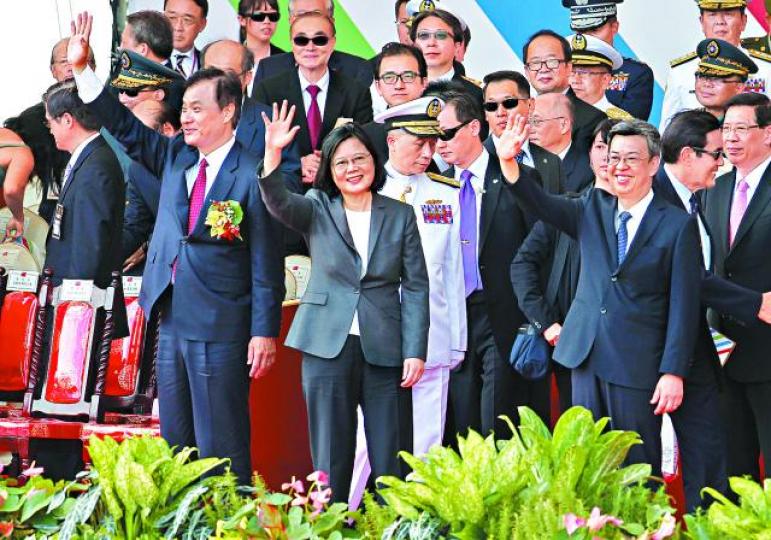 ■蔡英文(中)、副總統陳建仁(右)、立法院長蘇嘉全昨出席雙十節慶典時向嘉賓揮手。美聯社■馬英九在台上觀看舞蹈員賣力表演。■中華民國106周年的國慶大會設在總統府前廣場。台灣《蘋果日報》■國軍三軍儀仗隊在序幕表演拋槍。台灣《蘋果日報》 ■蔡英文(中)、副總統陳建仁(右)、立法院長蘇嘉全昨出席雙十節慶典時向嘉賓揮手。美聯社■馬英九在台上觀看舞蹈員賣力表演。■中華民國106周年的國慶大會設在總統府前廣場。台灣《蘋果日報》■國軍三軍儀仗隊在序幕表演拋槍。台灣《蘋果日報》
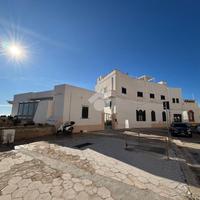 3 LOCALI A GALLIPOLI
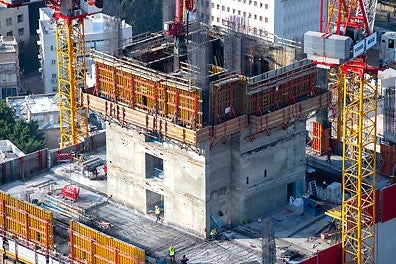 גרעין מטפס מראש – תבניות VARIO ע&quot;ג פלטפורמות CB-240 ו- SP מטפסות באמצעות מנוף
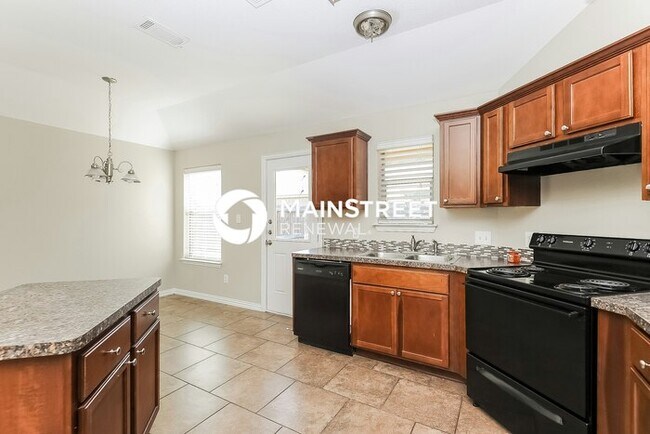 Building Photo - 3 Bedroom Pet-Friendly Home in Fort Worth, TX with Main Street Renewal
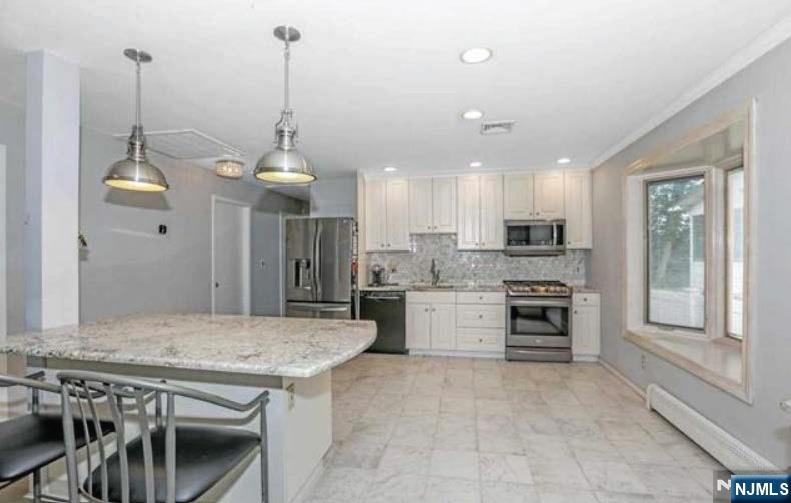 294 Continental Avenue - Photo 4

════════

# WHAT THE EXERCISE ASKS
A word-for-word copy is needed of the lines from the line holding "Building Photo - 3" through the end of the records, both included, excluding every picture.

# PROBLEM SOLUTION
 Building Photo - 3 Bedroom Pet-Friendly Home in Fort Worth, TX with Main Street Renewal
 294 Continental Avenue - Photo 4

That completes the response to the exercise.